JMJD5 May Associate With the Promoters of CCA1 and PRR7

To further understand the role of JMJD5 within the circadian system, we used GFP-tagged versions of JMJD5 to determine whether this protein is associated with the promoters of circadian genes. We first examined the promoter of CCA1, examining two regions within 1 kb of the transcriptional start site (TSS) and another within the first exon of the CCA1 gene [Figure 2A, (Dixon et al., 2011)]. We carried out chromatin immunoprecipitation assays with plant tissues harvested either at dusk or dawn (ZT0 or ZT12) using transgenic lines expressing JMJD5-GFP under either its native promoter (JMJD5:JMJD5-GFP) or the strong viral CaMV 35S promoter (35S:JMJD5-GFP). With JMJD5:JMJD5-GFP plants, we found JMJD5-GFP to be present at the CCA1 promoter at both timepoints, but with higher levels of the protein associated with regions P1 and P3 at ZT0 (Figure 2A). Interestingly, the opposite trend was observed at region P2, approximately 500 bp from the transcriptional start site (TSS). Here, JMJD5-GFP association is greater at ZT12 than at ZT0 for both JMJD5:JMJD5-GFP and 35S:JMJD5-GFP lines. Despite these trends, none of these associations were statistically significantly different from jmjd5-2 seedlings, although JMJD5 association with the CCA1-P1 region at ZT0 approached statistical significance (p = 0.096, ANOVA).

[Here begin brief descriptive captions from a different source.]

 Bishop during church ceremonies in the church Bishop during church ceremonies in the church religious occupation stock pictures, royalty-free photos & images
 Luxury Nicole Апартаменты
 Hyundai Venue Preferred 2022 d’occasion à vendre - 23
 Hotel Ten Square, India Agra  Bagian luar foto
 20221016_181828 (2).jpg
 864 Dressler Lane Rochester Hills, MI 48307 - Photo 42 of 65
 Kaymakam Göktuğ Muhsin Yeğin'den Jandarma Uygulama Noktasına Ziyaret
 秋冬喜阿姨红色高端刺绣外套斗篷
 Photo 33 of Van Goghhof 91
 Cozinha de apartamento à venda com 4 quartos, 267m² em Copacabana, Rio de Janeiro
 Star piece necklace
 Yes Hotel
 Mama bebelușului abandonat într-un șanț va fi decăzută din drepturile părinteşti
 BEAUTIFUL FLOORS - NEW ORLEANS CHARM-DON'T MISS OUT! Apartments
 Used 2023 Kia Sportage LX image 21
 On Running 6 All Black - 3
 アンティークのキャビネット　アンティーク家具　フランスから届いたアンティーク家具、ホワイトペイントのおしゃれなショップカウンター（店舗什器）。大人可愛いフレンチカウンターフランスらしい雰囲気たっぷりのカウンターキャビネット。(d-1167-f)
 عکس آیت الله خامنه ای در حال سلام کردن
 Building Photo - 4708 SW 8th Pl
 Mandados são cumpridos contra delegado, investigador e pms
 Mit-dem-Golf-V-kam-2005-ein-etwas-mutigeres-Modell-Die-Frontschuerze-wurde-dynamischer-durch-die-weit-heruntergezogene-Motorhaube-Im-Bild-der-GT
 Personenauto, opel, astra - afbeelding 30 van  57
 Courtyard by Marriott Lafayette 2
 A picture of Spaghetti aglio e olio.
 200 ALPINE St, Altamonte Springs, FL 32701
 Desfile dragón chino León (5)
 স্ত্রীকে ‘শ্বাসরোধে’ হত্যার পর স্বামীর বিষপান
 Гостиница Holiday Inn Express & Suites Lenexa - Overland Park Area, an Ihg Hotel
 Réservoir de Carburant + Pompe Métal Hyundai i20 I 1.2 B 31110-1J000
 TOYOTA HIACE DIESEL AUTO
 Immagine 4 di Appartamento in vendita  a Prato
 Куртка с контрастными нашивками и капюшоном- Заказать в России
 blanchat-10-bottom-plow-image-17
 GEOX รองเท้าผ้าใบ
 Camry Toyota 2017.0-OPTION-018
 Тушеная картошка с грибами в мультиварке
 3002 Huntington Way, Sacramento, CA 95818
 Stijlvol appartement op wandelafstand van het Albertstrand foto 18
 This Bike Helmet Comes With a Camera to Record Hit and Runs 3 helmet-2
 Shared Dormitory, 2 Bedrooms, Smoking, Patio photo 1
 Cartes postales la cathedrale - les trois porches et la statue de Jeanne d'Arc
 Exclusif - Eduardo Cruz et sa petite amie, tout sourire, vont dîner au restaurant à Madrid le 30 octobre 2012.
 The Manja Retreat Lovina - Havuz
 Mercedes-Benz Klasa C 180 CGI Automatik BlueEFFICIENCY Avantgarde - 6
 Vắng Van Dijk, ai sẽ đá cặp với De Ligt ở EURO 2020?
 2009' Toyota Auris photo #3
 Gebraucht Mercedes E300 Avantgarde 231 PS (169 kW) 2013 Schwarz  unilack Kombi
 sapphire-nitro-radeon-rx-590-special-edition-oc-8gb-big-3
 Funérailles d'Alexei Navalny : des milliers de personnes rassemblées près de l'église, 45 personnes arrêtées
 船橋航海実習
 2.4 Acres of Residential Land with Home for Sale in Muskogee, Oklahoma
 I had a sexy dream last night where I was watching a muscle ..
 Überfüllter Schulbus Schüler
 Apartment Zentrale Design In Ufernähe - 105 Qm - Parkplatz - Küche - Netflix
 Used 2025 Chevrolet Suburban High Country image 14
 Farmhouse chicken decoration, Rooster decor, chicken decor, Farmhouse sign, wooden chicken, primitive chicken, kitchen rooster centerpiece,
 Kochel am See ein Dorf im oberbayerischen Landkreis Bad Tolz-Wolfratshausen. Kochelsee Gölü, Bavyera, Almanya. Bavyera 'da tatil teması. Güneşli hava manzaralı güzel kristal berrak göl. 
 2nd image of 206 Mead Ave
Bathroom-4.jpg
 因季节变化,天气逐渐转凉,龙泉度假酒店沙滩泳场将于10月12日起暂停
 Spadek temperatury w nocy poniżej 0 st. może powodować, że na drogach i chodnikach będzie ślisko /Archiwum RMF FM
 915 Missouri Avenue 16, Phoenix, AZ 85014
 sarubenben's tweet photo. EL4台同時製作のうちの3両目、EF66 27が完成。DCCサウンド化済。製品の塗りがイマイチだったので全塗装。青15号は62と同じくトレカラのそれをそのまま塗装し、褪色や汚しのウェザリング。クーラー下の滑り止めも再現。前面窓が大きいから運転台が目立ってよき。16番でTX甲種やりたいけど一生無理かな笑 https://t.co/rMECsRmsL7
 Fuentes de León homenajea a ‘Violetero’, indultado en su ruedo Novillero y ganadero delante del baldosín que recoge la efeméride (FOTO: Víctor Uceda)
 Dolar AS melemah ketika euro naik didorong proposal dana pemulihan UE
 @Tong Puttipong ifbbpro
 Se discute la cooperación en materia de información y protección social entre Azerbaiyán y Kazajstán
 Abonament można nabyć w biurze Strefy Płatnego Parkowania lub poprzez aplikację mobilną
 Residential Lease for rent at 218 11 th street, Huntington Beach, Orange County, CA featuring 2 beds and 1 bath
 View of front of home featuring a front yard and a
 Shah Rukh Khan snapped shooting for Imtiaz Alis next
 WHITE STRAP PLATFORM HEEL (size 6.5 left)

Figure 2. Chromatin Immunoprecipitation assays to evaluate JMJD5-GFP association with circadian gene loci. Enrichment of genomic DNA fragments from the CCA1 (A), PRR7 (B) and PRR9 (C) promoters following chromatin immunoprecipitation with a GFP antibody. Plants were grown for 10 days at 22°C under 12:12 light:dark cycles and harvested at either ZT0 or ZT12. Presented data represent fold-increases compared to enrichment at the EF1a promoter and are the mean of four biological independent replicates. Error bars represent SEM.

jmjd5 mutants have pronounced period phenotypes at increased temperatures, which is reminiscent of the phenotype of prr7 prr9 plants [although in these mutants period increases with temperature (Salomé et al., 2010)]. We therefore examined JMJD5 association with regions within the PRR7 promoter (Figure 2B). We found that JMJD5-GFP tended to be present at the PRR7 TSS throughout the day, even when the endogenous promoter was used to drive JMJD5-GFP expression. In more distal regions such as PRR7 P1 and P2, however, JMJD5-GFP association is higher at dawn when compared to dusk. Interestingly, this was true both for JMJD5 expressed under the constitutive 35S and the clock-regulated JMJD5 promoter, suggesting that JMJD5-GFP requires a diurnally cycling partner to associate with these promoter regions, or that JMJD5-GFP is post-transcriptionally regulated. As seen with the CCA1 promoter region, none of these associations were significantly different from controls, although JMJD5 association with the PRR7-P3 region at ZT12 approached statistical significance (p = 0.096, ANOVA). This lack of statistical significance is likely due to variability in our dataset. We also assessed two regions within the PRR9 promoter (Figure 2C). In contrast to the PRR7 promoter, we did not detect any association of JMJD5 with these regions when using JMJD5:JMJD5-GFP lines. In plants overexpressing JMJD5, we did find association with one portion of the PRR9 promoter (Figure 2C), but it remains unclear whether this is an artifact of overexpression.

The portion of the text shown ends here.